HVZ is sort of a roving game of tag pitting the “human resistance” against the “zombie horde.”
The OSU game began with three “OZs,” or “original zombies,” who started the zombie spread. Humans who are tagged turn into a zombies themselves.
And thus, the zombie ranks grow.
Humans can temporarily ward off a zombie by hitting him with marshmallows, socks or soft foam pellets from a Nerf gun. A zombie must “feed” on a human (tag him) every 48 hours or be eliminated.
The HVZ playing field is essentially all outdoor spaces on campus, but only campus. Stairs are exempt, as is anyone on a bicycle or skateboard.
Sophomore Jeff Bierman is one of the moderators of this week’s game, and also helped put on the first HVZ at OSU, which took place fall term and attracted about 200 people.

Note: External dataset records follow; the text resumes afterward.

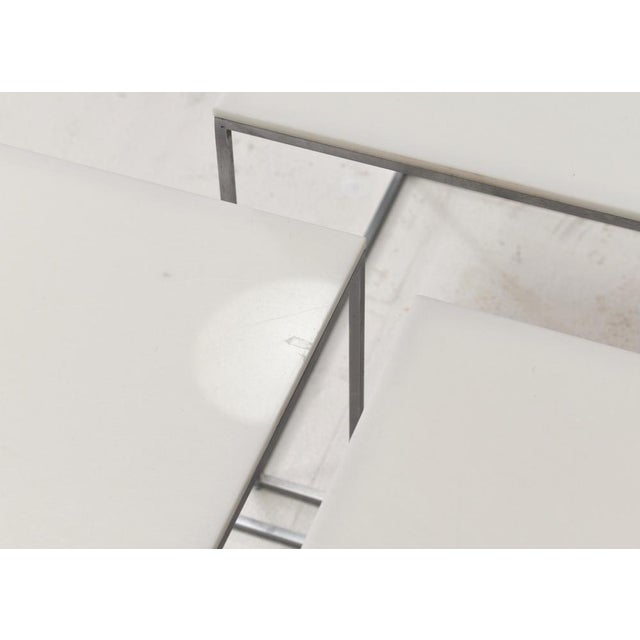 PK71 Nesting Tables by Poul Kjærholm for E. Kold Christensen, 1950s, Set of 3 For Sale - Image 9 of 11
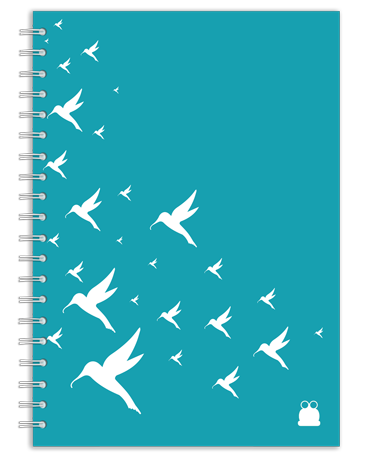 School Diary Planner 2025/2026 - Birds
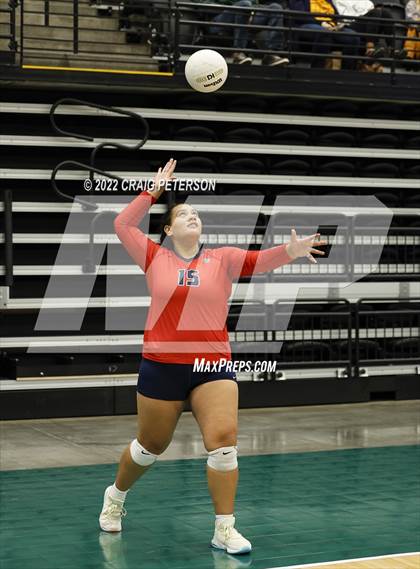 Thumbnail 3 in Orem vs. Woods Cross (UHSAA 5A Consolation Semifinal) photogallery.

The moderators immediately began planning the next HVZ.
“The first game, people were like, ‘What’s going on? That’s really cool,’” Bierman said.
Now, students know what they’re seeing and will even point out zombies — who wear bandannas around their heads — to humans.

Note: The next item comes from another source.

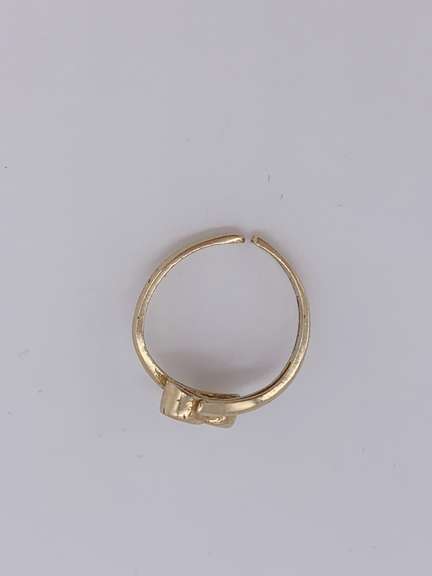 10kt Gold & Diamond Pinky Toe Ring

Before a single zombie was created, the whole game was greenlighted by OSU and Oregon State Police.
Moderators said they haven’t received any complaints from other students or staff.
“The only thing I’ve heard is that they want to join,” said Matt Wedzita, a freshman moderator.
All guns used must have bright orange tips and are inspected to make sure they can only shoot soft foam. Weapons must not be visible inside buildings.
Sunday, the humans converged at Cordley Hall to carry out a mission, one of five in this game. The task was to recover two “supply drops” in zombie territory.
Players are informed of mission details via email, resulting in a convergence of players in a designated spot.
OSU’s game began Friday and is scheduled to go until Saturday, but the game ends if all humans become zombie.
“Each mission has a ‘what-if’ to every scenario, so we can rig it so that there are humans that survive,” Bierman said.
Freshmen Jessica Wilhelmson, Jessica “Auby” Aubin and Kathryn Kennemer, all horror movie fans, talked about why they love HVZ as they waited for the humans to arrive for battle.
Aubin played in the fall and found it “ridiculously, amazingly fun.”
“It gets your mind off school,” she said. “It kind of brings you back to kindergarten or grade school, playing tag.”
All three were turned into zombies in the first few days of the game, but they said that’s actually a bit of a relief. It’s less stressful to stalk than be stalked.
“It doesn’t matter what side you play on, Wilhelmson said, “it’s always fun.”
But if you are one of the few remaining humans at the end of the game and fear the vulnerability of walking to or from class, protection is available.
The Zombie Relief Force, responds to calls or text messages and sends some of its 30 or so members to escort a player around campus.
Marcus Lopez, a junior, organized the force as a way to keep people alive at the end of the game and make it a bit more challenging for zombies to wait outside a building and pick off people leaving a class.
After all, the thrill of the game is in the unexpected aspects.
“What I like about it is it’s fun, it’s exciting,” Lopez said. “You’re just walking around campus; you never know if there’s going to be a zombie around the next corner.”